There were a lot of voices at the time that warned, in effect, it ain’t over ’til it’s over, but those voices were largely ignored. For example, when a proposal was made to have the region declared a scenic area of state significance, it was howled down by people with wild fears about state control of local initiatives – even though none of them could show that happening in the other parts of the state that had acquired a SASS designation.
So now, with Galloo Island and Horse Creek projects trying to fast-track to approval, the opportunity to let a SASS designation assist in controlling wind projects is so much dust in the wind.
Iberdrola, the company involved in the Clayton/Brownville/Orleans/Lyme project called Horse Creek, has a track record here; it developed the Maple Ridge project in Lewis County that is now about a dozen years old.

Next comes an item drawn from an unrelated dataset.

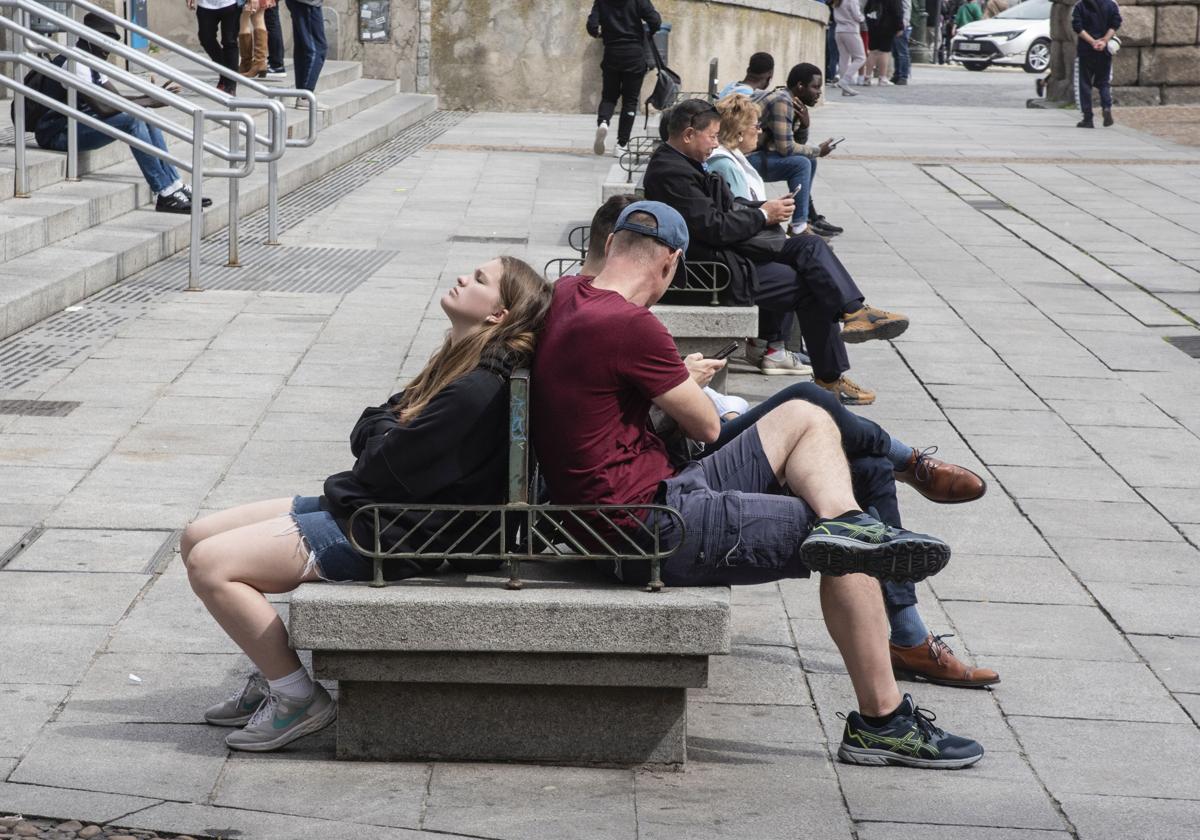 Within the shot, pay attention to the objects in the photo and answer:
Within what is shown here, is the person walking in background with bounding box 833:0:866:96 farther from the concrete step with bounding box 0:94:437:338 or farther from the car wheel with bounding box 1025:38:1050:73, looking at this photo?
the concrete step with bounding box 0:94:437:338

The major difference, however, is that Lewis County residents embraced that project. It occupies vast open spaces of farmland in some of the most sparely inhabited towns in the north country. And predictably, there was little outcry over its effect on the aesthetics of the area.
At Horse Creek and on Galloo, wind projects are a very different animal.
And now, a decade after Maple Ridge was built, the game has changed. New technology in wind towers has brought super towers with giant blades, forcing the structures up to 200 feet higher than the windmills of Lewis County.
That means that the visual impacts of the new towers are 50 percent greater than when the projects were first proposed.
Why have they returned? Blame Big Oil and state energy policy.
The production tax credit sweetheart subsidy that powered almost all of wind power’s growth had died and many thought it was buried. But Big Oil wanted the ban on export of U.S.-produced oil lifted, and the return of the subsidy was a major bargaining chip. That subsidy is now back, but it has a sunset provision that makes it imperative that wind developers get their sticks up in the air as soon as possible.
Coincident to this, Gov. Andrew M. Cuomo has promised an energy policy that will eliminate coal-fired power plants and require that 50 percent of the state’s generation be from renewable sources by 2050. This increases the pressure on the state to permit and see built all the renewable energy facilities that come down the pike.
The wind lobby is using this to great advantage, putting pressure on the governor’s office to accelerate approvals of wind projects. This will force the second floor to push its state agencies to move projects through the pipeline faster and faster, which would damage the ability of the Public Service Commission to give adequate review of projects under the state’s Article X process.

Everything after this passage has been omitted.